George Crum, picture, image, illustration

The chef, George Crum, presents the difficult diner with his novel creation

We cannot, alas, sing the praises of the man or woman who first joined bacon to eggs or the unknown genius who married lamb to mint sauce. We can reveal, however, the name of the inventor of the potato crisp, confident in the knowledge that at least 90 per cent of “Look and Learn” readers will be pleased to know it and think kindly of the man the next time they nibble a crisp.

His name was Crum.

Actually, he invented the potato chip, for it happened in America, where crisps are confusingly known as chips. Those intending to visit the States will naturally wish to know how to ask for what the British call chips. They should banish all thoughts of the Mother Country and say with conviction: “French fried, please.”

But back to Crum. He was a Red Indian, an unlikely story for a start, but true, for this particular Red Man was the chef of a smart eating establishment at Saratoga Springs, New York State, called the Moon Lake Lodge.

Crum’s first name was George and he was a chief as well as a chef.
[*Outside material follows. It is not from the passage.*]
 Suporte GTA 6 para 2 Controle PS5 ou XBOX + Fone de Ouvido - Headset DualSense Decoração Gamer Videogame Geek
This was a strong combination, for chefs are notoriously temperamental, and so are Indian Chiefs, not outwardly, perhaps, but certainly inwardly. They are not men who like being got at.

That night in 1853, George Crum was definitely being got at. One of the diners at Moon Lake Lodge, set in the heart of what was once Indian country, had just returned from a trip to Paris, and while in Gay Paree had been rather taken with the local French fried potatoes (our chips, if you recall), which were somewhat slimmer than the Yankee variety.
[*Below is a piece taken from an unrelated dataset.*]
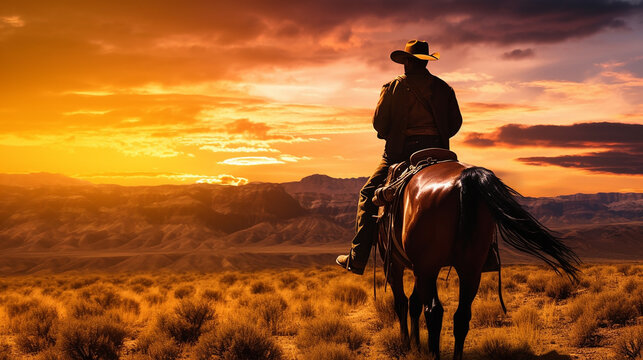Black cowboy on a horse - Powered by Adobe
So when the returned wanderer was faced with some typically large American French fried, he got restive and sent them back to Indian George with a request that they should be made thinner.
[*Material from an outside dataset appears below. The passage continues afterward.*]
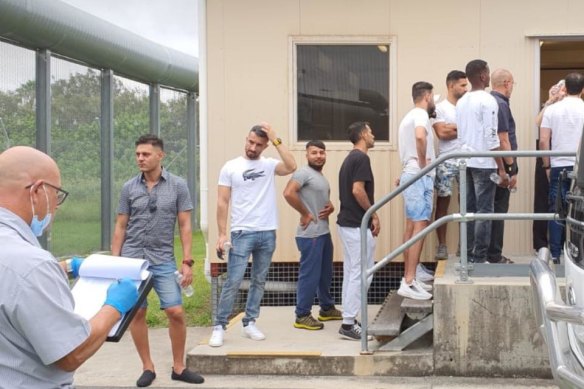 Advocates say 23 of the men were taken by bus to the Brisbane Immigration Transit Accommodation site to have their releases processed - along with two others already at the detention centre. 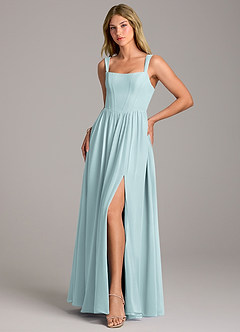 Azazie Rosaline Brautjungfernkleider A-Linie Seitliche Cut-Outs Chiffon Kleid Nebel image3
The chef did as he was bid, but his replacement batch of French fried were still too thick for the newly refined palate of the traveller, who sent yet another single word message to the kitchen: “Thinner!”

The infuriated chief-chef sharpened his knife. His grandfather would very likely have scalped the over-demanding guest, but Crum vented his rage on the potatoes in front of him. He seized them one by one and cut them until they were wafer-thin. Then he dropped them into a pan filled with boiling fat, swiftly got them out again, liberally tossed salt over them, put them on a plate and stalked grimly into the dining room, setting his efforts in front of the difficult customer.

He was not difficult for long, for once he had tasted Crum’s invention he became the happiest of men, and so did other patrons of Moon Lodge. It was only a matter of time before “Saratoga Chips” became nationally famous.

But for many years they were not a mass-produced product, but a recipe for the home. Peeling potatoes is no one’s idea of a good time and “chipping” was just another chore, for all its popular end-product. Then, in the 1920s, the mechanical potato peeler was introduced and factories soon sprang up devoted entirely to the manufacture of chips (crisps).

We have no available statistics from America for the 1970s yet, but in the ’60s Americans were munching some 600 million pounds of potatoes a year as crisps, and there were 25,000 people employed keeping those little packets full. The British cannot have been all that far behind. Crum, knife and pan in hand, deserves a statue more than most. Remember his name next time you start on a packet.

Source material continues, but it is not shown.